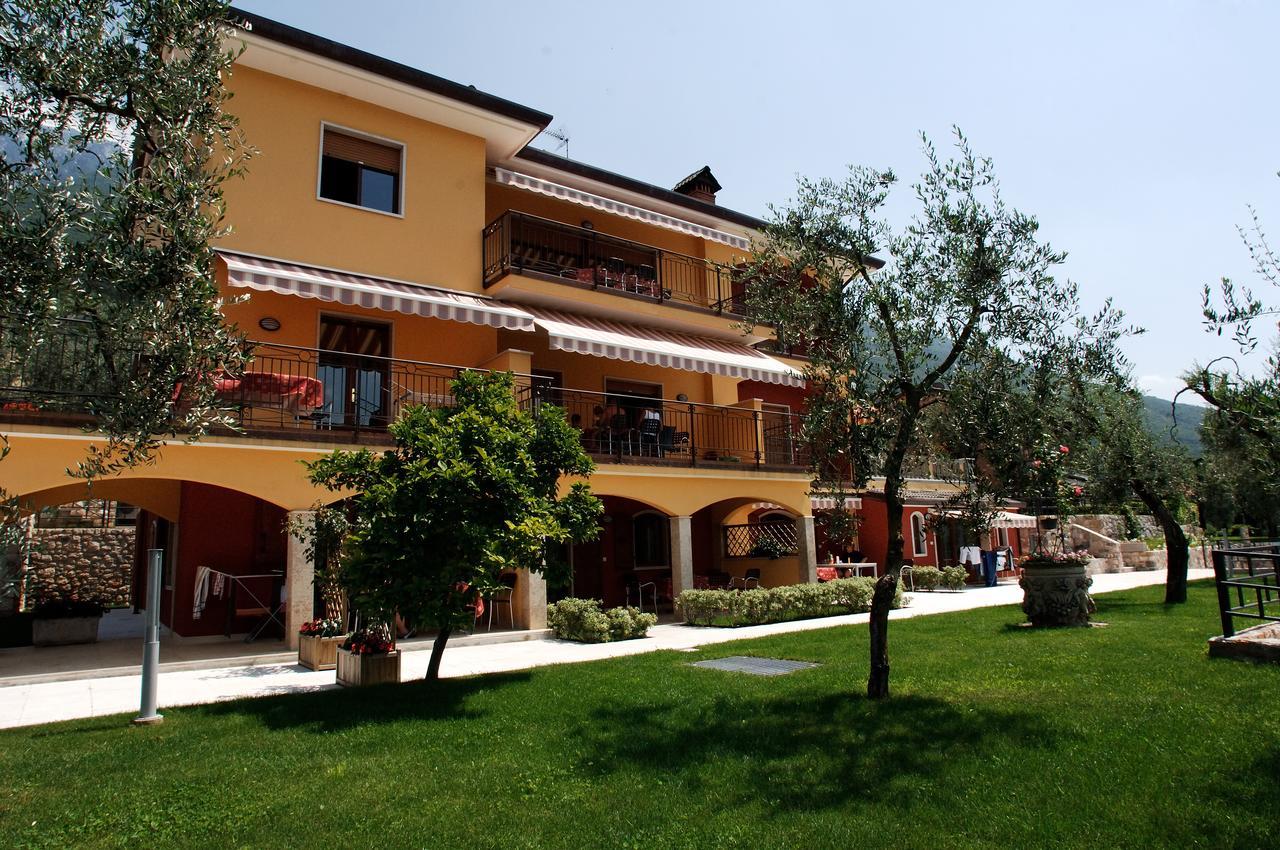 ברנצונה סול גארדה Villa Due Leoni - Residence מראה חיצוני תמונה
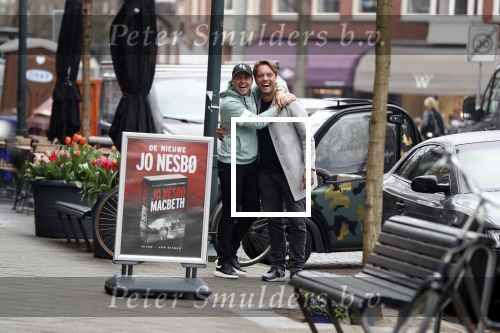 Amsterdam 11 april 2018
Andre Hazes jr met beste vriend Djarno Hofland op de cornelis schuytstraat. Bas Smit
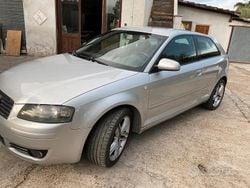 Grigio Usata 2004 Audi A3 Due volumi | 2200 € (Buon prezzo)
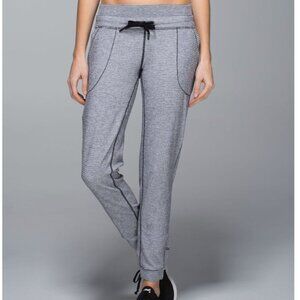 Lululemon Base Runner Pant - Jogger Sweatpants-  White Heathered Black- 2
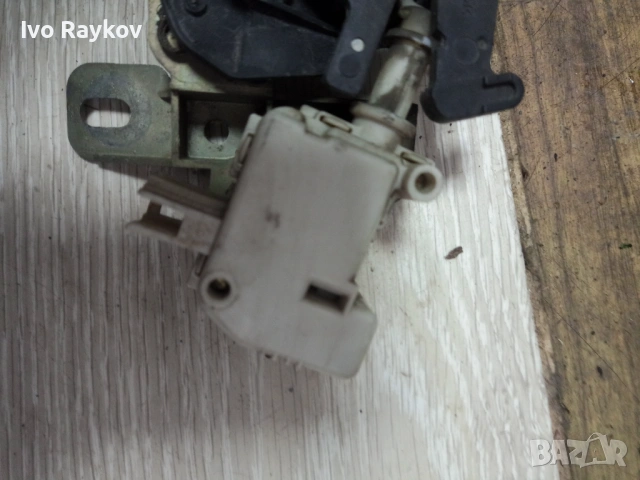 Брава , заден капак за Volkswagen PASSAT B5 , 3B0827297G, снимка 4 - Части - 54158279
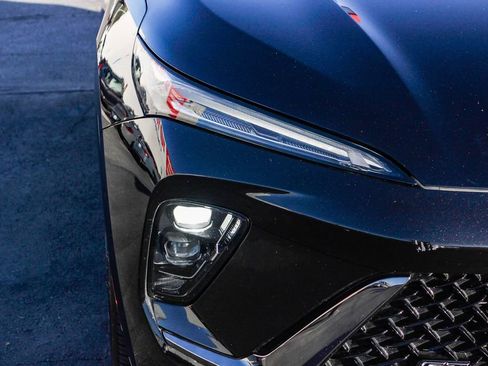 Used 2025 Buick Envision Sport Touring image 5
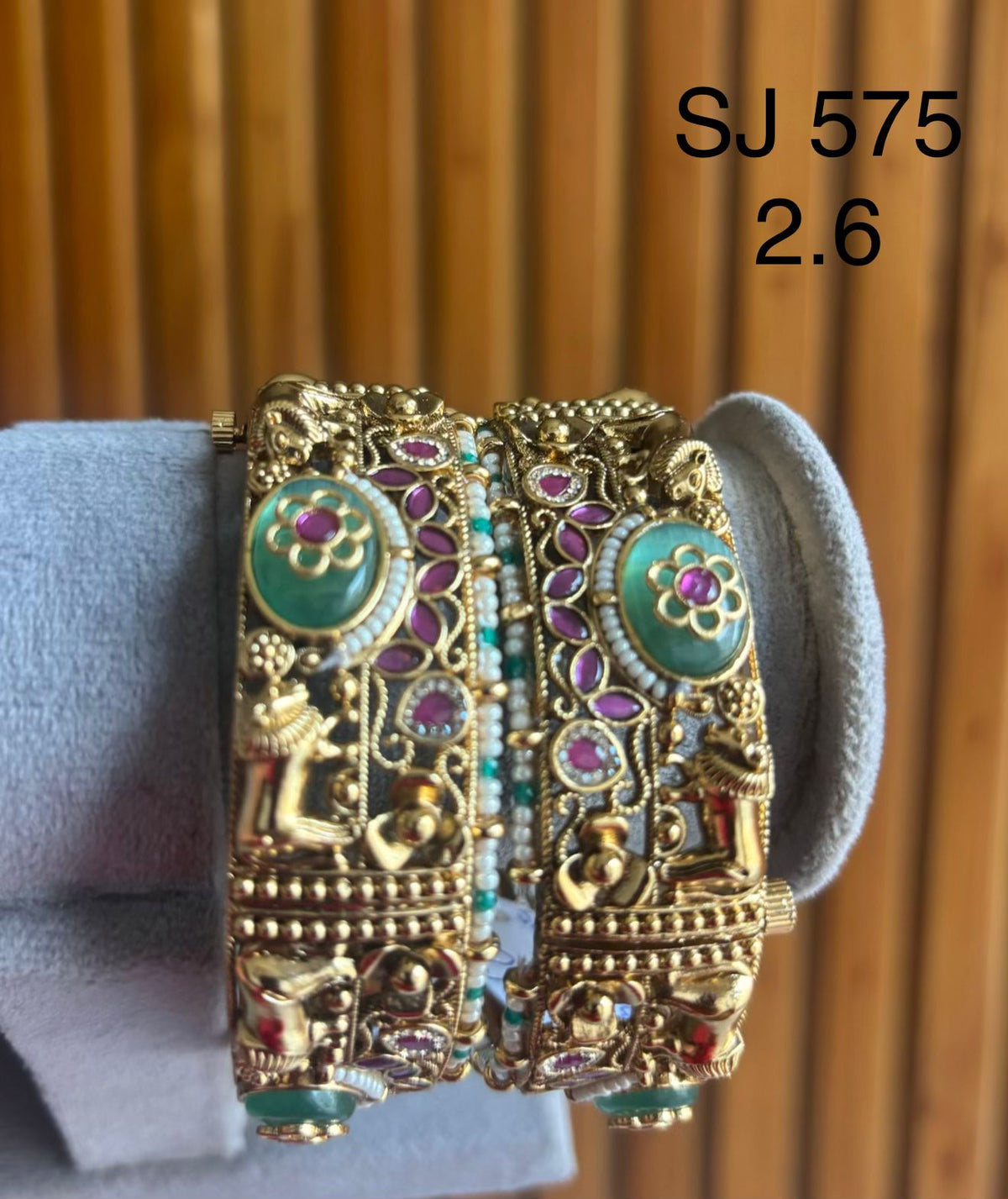Kundan Heritage Green Medallion Bangle Set — original client product photograph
----------
What is needed —
Copy the records exactly; no image should appear in the result.

Response to this exercise —
 ברנצונה סול גארדה Villa Due Leoni - Residence מראה חיצוני תמונה
 Amsterdam 11 april 2018
Andre Hazes jr met beste vriend Djarno Hofland op de cornelis schuytstraat. Bas Smit
 Grigio Usata 2004 Audi A3 Due volumi | 2200 € (Buon prezzo)
 Lululemon Base Runner Pant - Jogger Sweatpants-  White Heathered Black- 2
 Брава , заден капак за Volkswagen PASSAT B5 , 3B0827297G, снимка 4 - Части - 54158279
 Used 2025 Buick Envision Sport Touring image 5
Kundan Heritage Green Medallion Bangle Set — original client product photograph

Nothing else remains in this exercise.